Misturo isso com uma teoria de criatividade que propõe que uma limitação pode ser o estopim de um grande impulso criativo. Fico pensando se é tudo assim cíclico e se estamos diante desse momento em que existe uma limitação enorme ao nosso redor, que muitas soluções criativas surgirão, levando a uma grande mudança. Se é a hora em que diremos "de jeito nenhum seguiremos como antes", como o texto que li. Que pensaremos que jeito de viver é esse, que colapsa em um mês sem consumo; que colapsa porque muita coisa vem da China, que parou e fez parar a indústria de boa parte do mundo; que escancara na nossa frente a desigualdade da nossa sociedade.
Vi uma sátira outro dia do humorista Marco Luque, que interpreta um motoboy. No vídeo ele diz algo como: "Quem diria que, outro dia, mesmo a maioria da população odiava a gente, achando que a gente não era nem humano com as buzininhas entre as pistas da marginal; e agora somos como heróis levando a comida para as pessoas".
Essa imagem junta com uma outra de um texto que li e começa com a descrição da cena de um motoboy na porta de um restaurante muito chique em Nova Iorque. O autor fala como fica evidente a diferença de classes, pois o preço da refeição que ele espera para levar, é muito superior ao valor que será pago pelo seu transporte.

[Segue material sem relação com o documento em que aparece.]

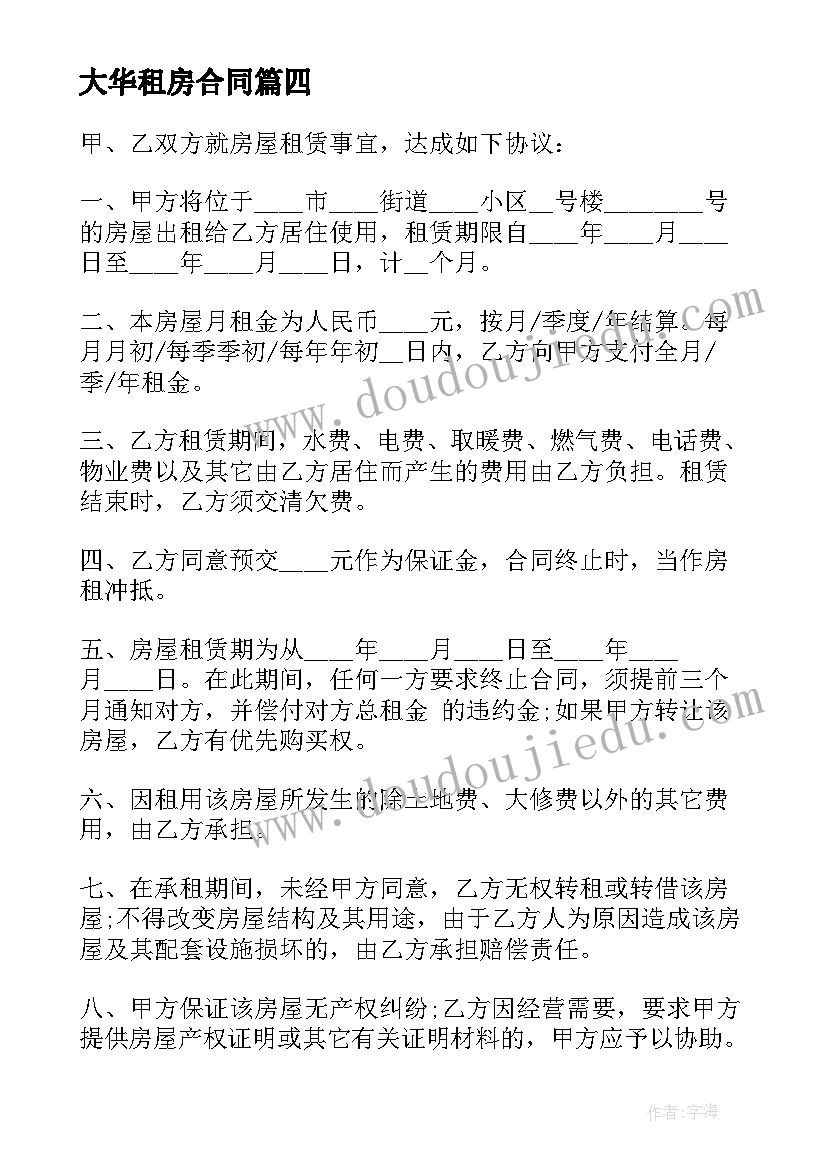 大华租房合同(优秀6篇)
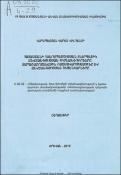 Հայաստանի Հանրապետության էներգետիկ անվտանգության հիմնախնդիրները, տարածաշրջանային ռազմավարությունը և անվտանգության հեռանկարները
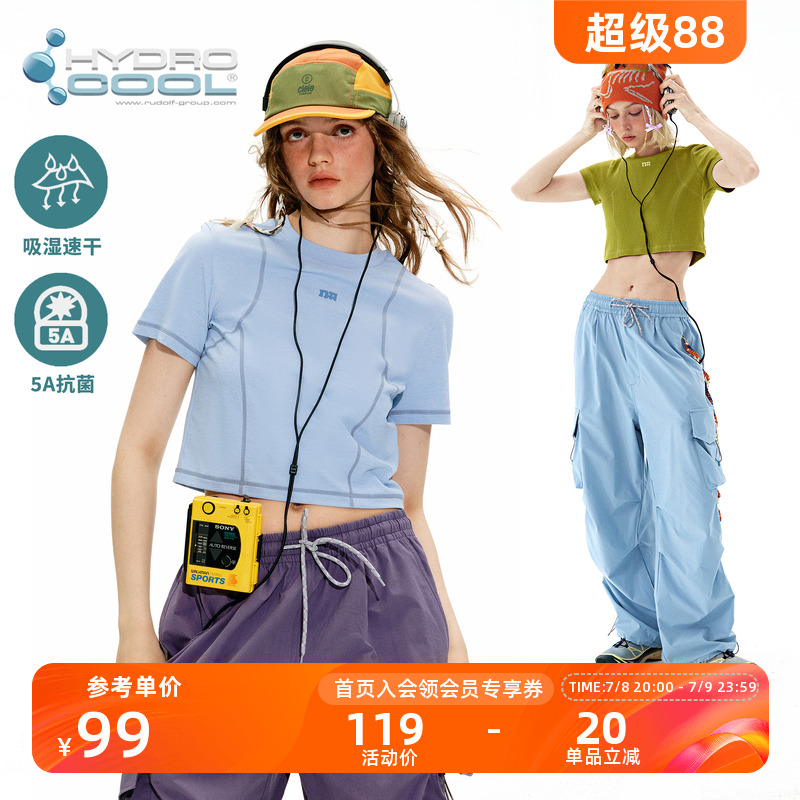 NOTHOMME吸湿速干短款运动短袖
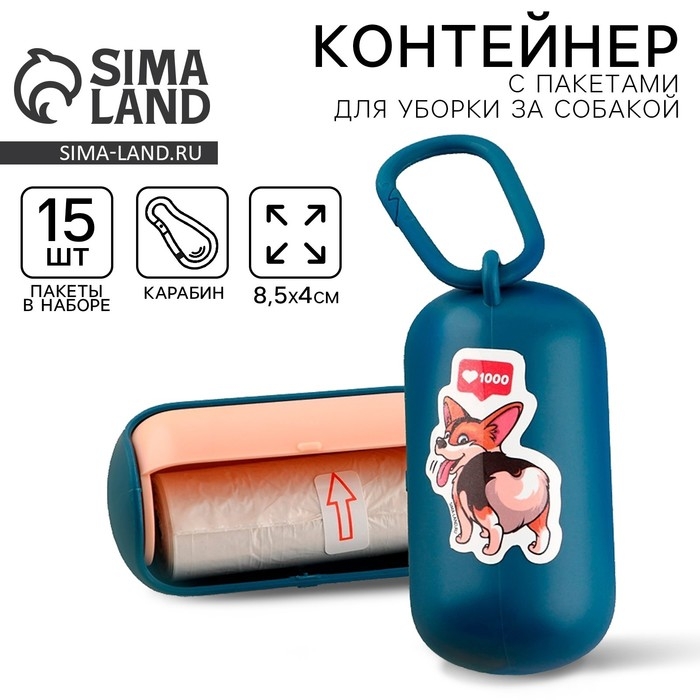 Контейнер с пакетами для уборки за собаками &laquo;Ставлю лайки&raquo;, цвет синий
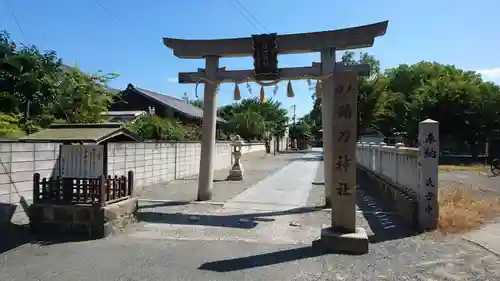 彌刀神社の鳥居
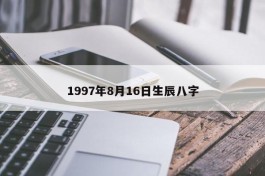 12月28日女宝宝八字(12月28号出生的女孩名字)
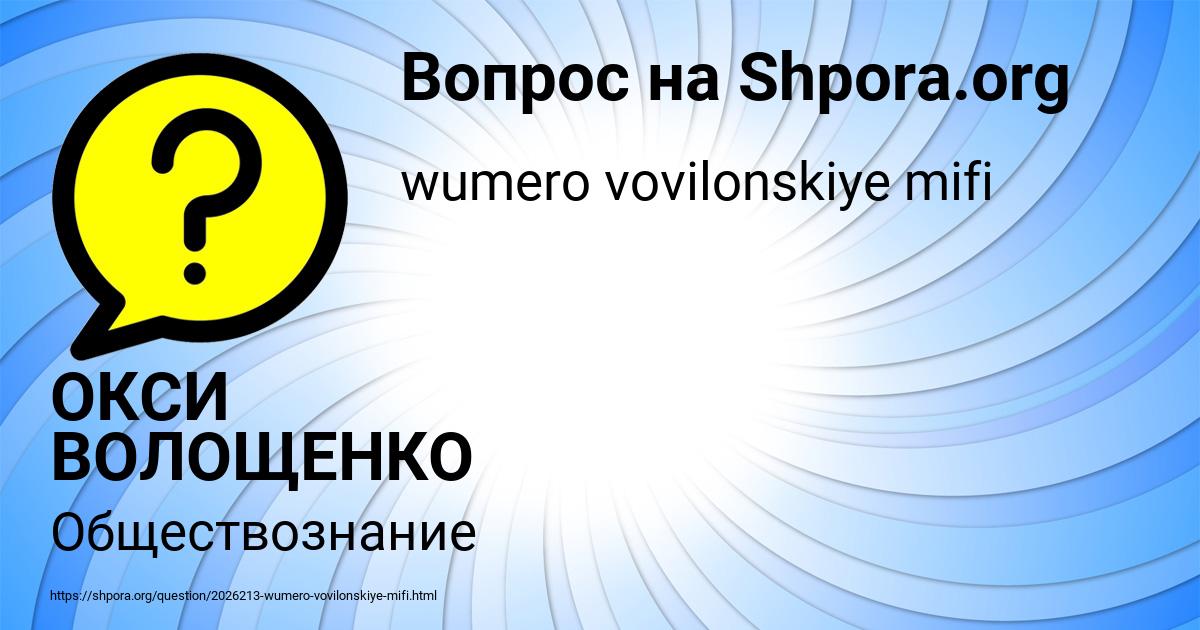 Картинка с текстом вопроса от пользователя ОКСИ ВОЛОЩЕНКО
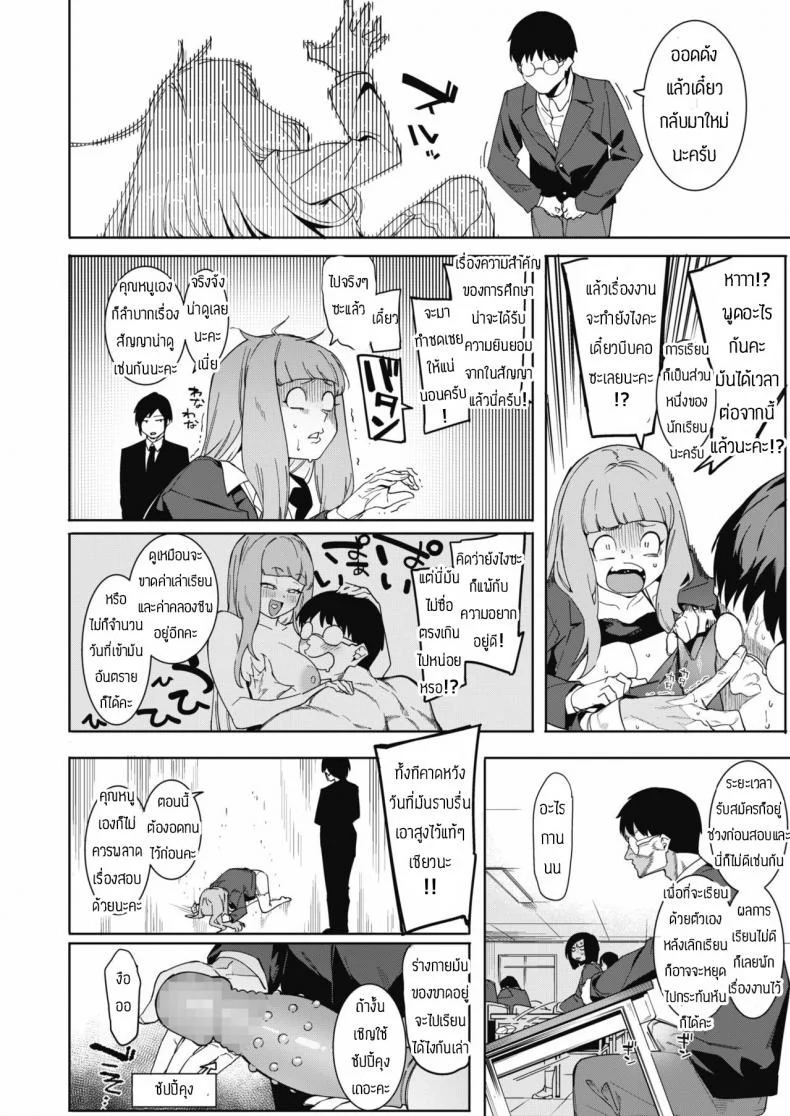 ยังไงเรียนก็สำคัญกว่า [Menea The Dog] Tsukiyo Ni Aishite 3-nin no Shikaku Hen หน้า 5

E que me leva também ao Caco Ciocler, ator brasileiro que fez um vídeo maravilhoso que viralizou por aí. Ele fez uma conta rápida sobre o lucro das grandes empresas, deixando claro que o lucro é a parte que sobra depois dos custos todos pagos. Sem desmerecer empresários, ele deixa claro que o lucro vem de uma ideia genial ou de uma maneira de produção muito eficiente, realizada e consolidada em conjunto por muita gente e muitos funcionários. O vídeo pede para que empresários compartilhassem uma parte pequena de seu lucro (1%), para garantir a existência dos seus funcionários, que foram também responsáveis por ele. Os números que ele expõe são impressionantes e se soma com aqueles outro número de quantas pessoas tem o equivalente a metade da população brasileira?
Essa questão me leva a uma entrevista antiga com o sociólogo Domenico Di Masi. Ele conta que a Olivetti, marca de máquinas de escrever fundada em 1908, tinha uma cláusula em seu estatuto que dizia que a diferença entre o menor e o maior salário da empresa não poderia ultrapassar cinco vezes. No ano da entrevista (2013), essa diferença tinha subido para mais de 1.200 vezes. E que isso era um tiro no pé, porque o que acontece na realidade, é que com essa diferença você tira o poder de compra de 1.200 pessoas, além de estimular a desigualdade social.
Também misturo com algo que li de que as mudanças sempre ocorrem quando interessam a alguém. Fico pensando quem são os interessados por aí. E se será mesmo o momento em que diremos: "A última coisa a fazer seria voltar a fazer tudo o que fizemos antes".
Outro dia, uma amiga me respondeu ao 'tudo bem?' com um: "Tudo! Navegando nos mares desconhecidos do corona". Acho que estamos todos nesse mar de perguntas. Entre "quando isso vai acabar?" ou "isso vai acabar?". Naveguemos.